Toplumsal üretimin toplumsal mülkiyetten ziyade özel mülkiyet biçimindeki tezahürü ve buna bağlı olarak toplumsal emeğin kapitalist sınıf tarafından sömürülmesi, bu burjuva sınıfın toplumsal ilişkileri belirlemesi, toplumsal üretimi kendi özel mülkiyetine alma gerçekliği, başta proletarya olmak üzere her geçen gün kent ve kır yoksullarını-küçük burjuva kesimleri- kar yasasına bağlı olarak sömürmesi ve onların yaşamında yıkıma sebebiyet vermesi, bu kesimlerden sürekli olarak proletaryaya yeni bireyler biçiminde katılımı çoğaltması, ekonomi başta olmak üzere onun üzerinden yükselen sosyal, siyasal ve kültürel vd üst yapı birimleri olarak her bir şeyi daha fazla kar elde etmek için tekelci yapılanmasını merkezileştirmesi ve derinleştirmesi, komprador tekelci kapitalizme karşı sosyalist devrim seçeneğini güncelleştirmiştir.

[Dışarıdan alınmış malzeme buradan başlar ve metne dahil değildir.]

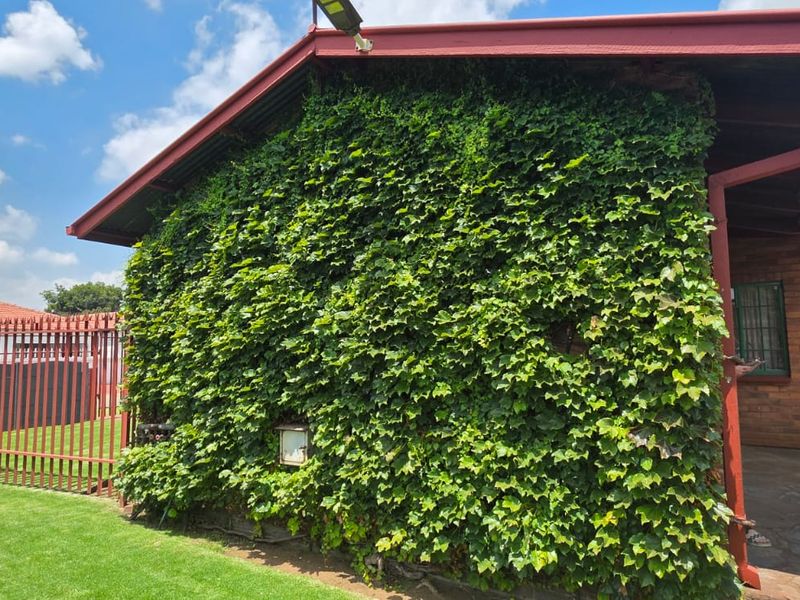 Charming 3-Bedroom Home with Borehole & ALL Furniture Included – CW4. - Photo 8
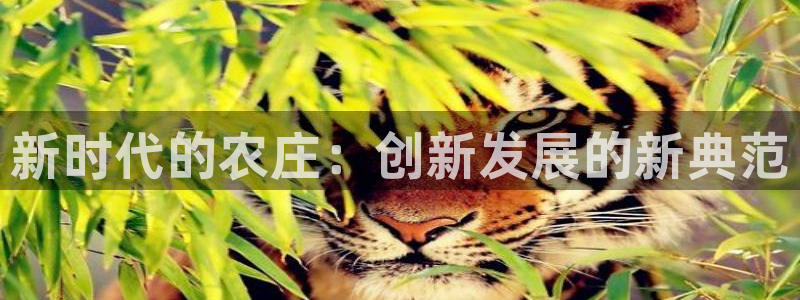 天辰娱乐软件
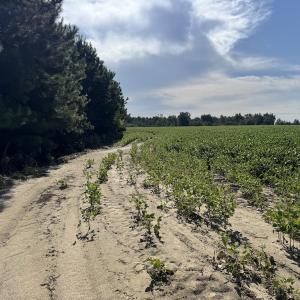 Photo #14 of Off of Highwy 9, Green Sea, SC 65.2 acres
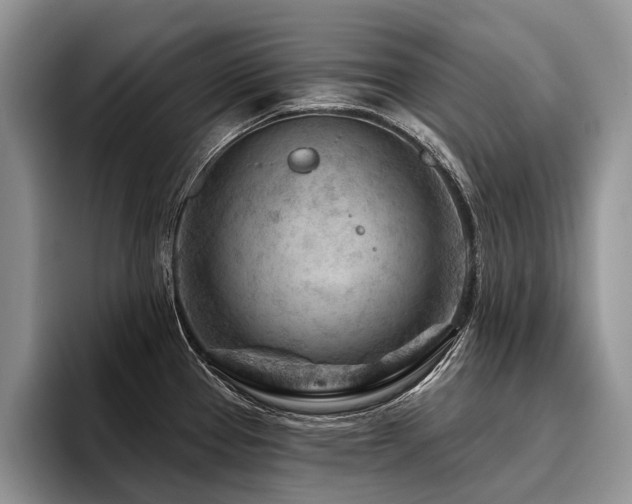 X0000096191337200801181313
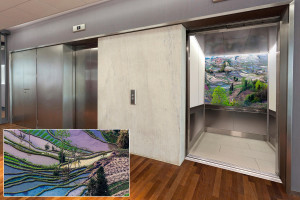 FSRT385 Зум-стекло Vivispectra с прослойкой рисового поля  Forms-surfaces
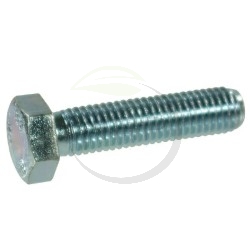 Boulon DELMORINO 40100036, M20X55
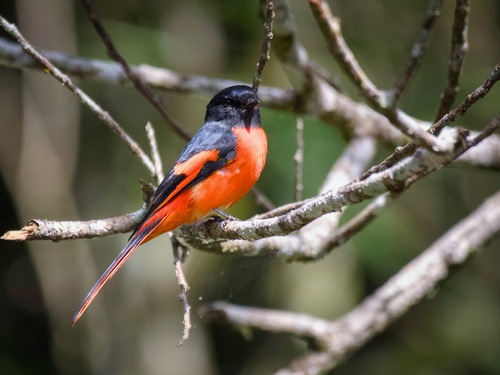 Gray-chinned Minivet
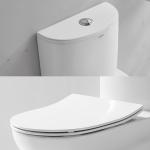 Dual Flush Elongated One Piece Toilet 1.3Gpf Modern Ceramic Material
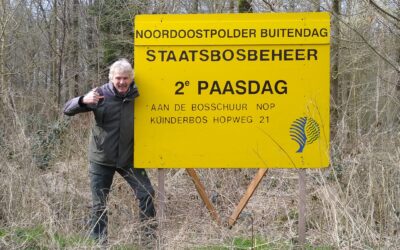 Buitendag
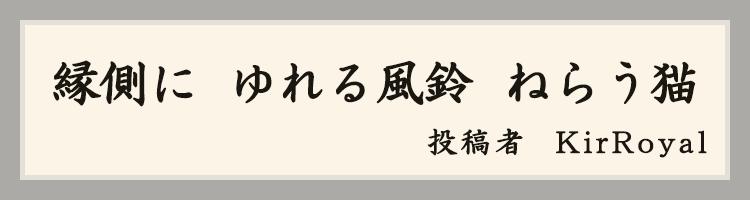 ハットにゃん賞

Konumuza daha başlarken net bir şekilde ifade etmek isteriz ki Türkiye-Kuzey Kürdistan’da sosyalist devrimin aktüelliği, çeşitli ulus ve milliyetlerden emekçilerin esas olarak emperyalizme bağımlı komprador tekelci burjuvazi tarafından sömürülmeleridir.

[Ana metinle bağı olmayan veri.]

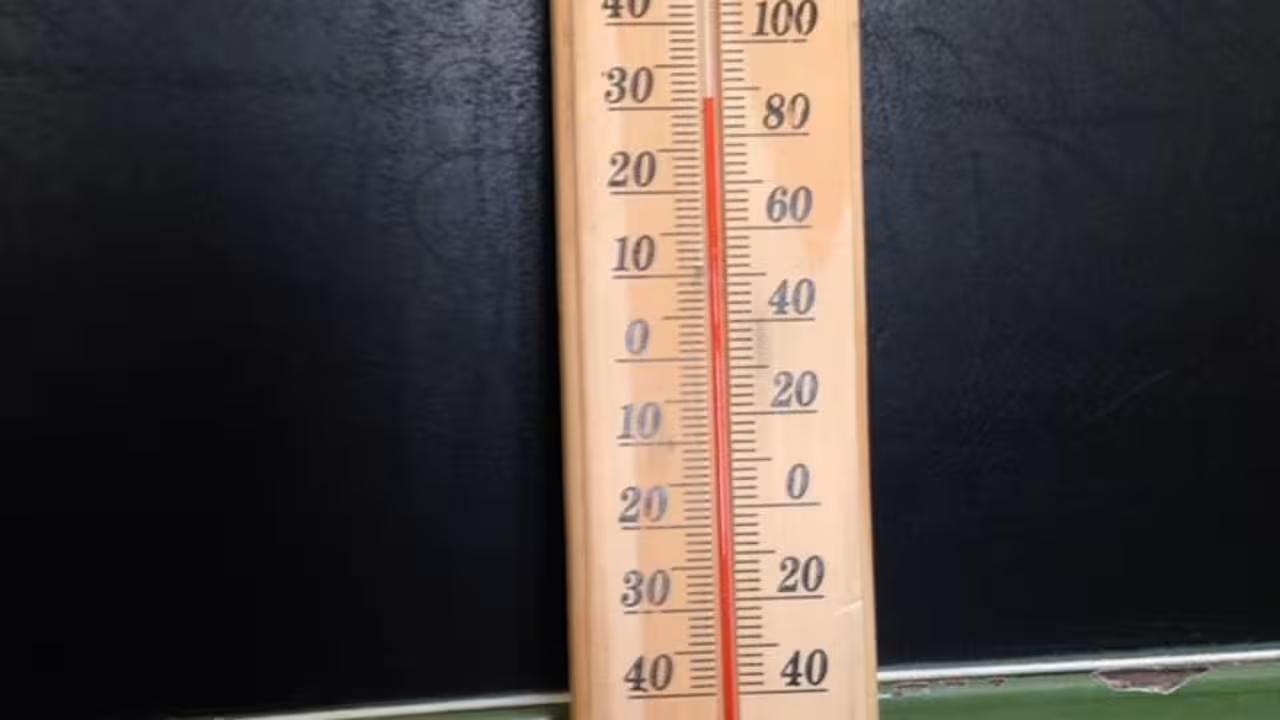 calor_Assemblea_de_Docents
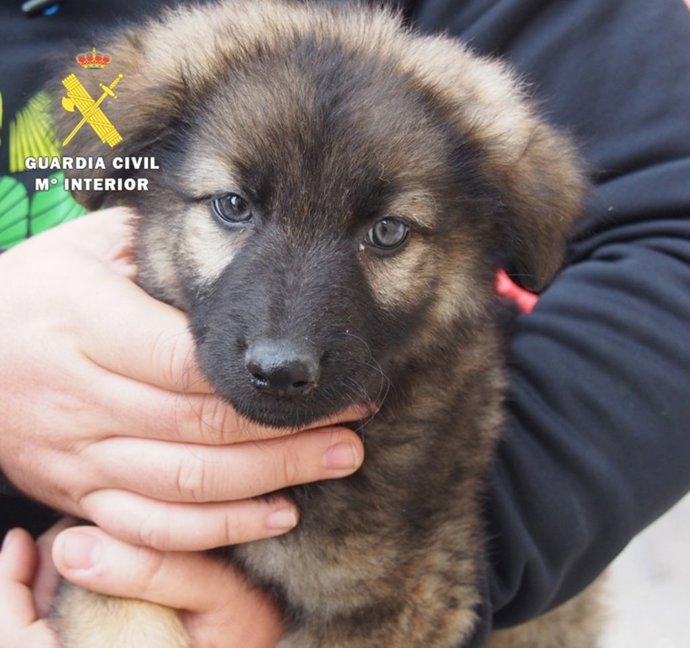 Cachorro localizado por el Seprona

Emperyalizme bağımlı yarı-sömürge olarak gelişen Türkiye-Kuzey Kürdistan’daki kapitalizm süreci komprador bir içeriktedir.

Değişim gösteren öz dinamiklerin yeni niteliğini kavrayabilmek

Serbest rekabetçi kapitalizmin sonucu olarak tekelleşen sermaye, öz dinamikler üzerinden bir gelişim yasasını da sonlandırarak sömürgecilik ve yarı- sömürgecilik biçiminde uluslararası sermayenin merkezileşme, yayılma ve derinleşmesine uygun olarak bütün ülkelerdeki kapitalist dinamikleri de çeşitli biçimler altında kendine bağımlı kılarak uluslararası tahakkümünü pekiştirmiştir. Bununla bağlantılı olarak kendi iç dinamikleriyle kapitalistleşme sürecinde başarılı olamayarak toplumsal ilişkilere milli nitelikte esasta damgasını vuramamış ve gelişme aşamasında kalmış olan sos-ekonomik yapıları kontrol altına alarak bütün ekonomik, sosyal ve toplumsal ilişkileri emperyalizm kendine bağımlı kılmıştır. Türkiye-Kuzey Kürdistan’da bu gerçekliğe bağlı olarak kendi öz dinamikleriyle gelişen bir kapitalistleşme süreci olmayıp, emperyalizmin merkezileşmesi ve derinleşmesi sonucu feodal üretim ilişkilerinin çözülmesi biçiminde bir gelişim seyri izlemiştir. Bu bağlamda yarı-feodal toplumsal yapılanma yerini, 1990’lardan itibaren emperyalizme bağımlı yarı-sömürge komprador tekelci kapitalist bir nitelik biçiminde hakim kılmıştır. Emperyalizm ve proleter devrimler çağı olarak öz ve niteliğini korumasına bağlı olarak burjuvazi önderliğindeki her gelişme de emperyalizmden bağımsız olarak ele alınamaz, bizzat bu gelişmelere yol açan uluslararası tekelci sermaye yani emperyalizmdir.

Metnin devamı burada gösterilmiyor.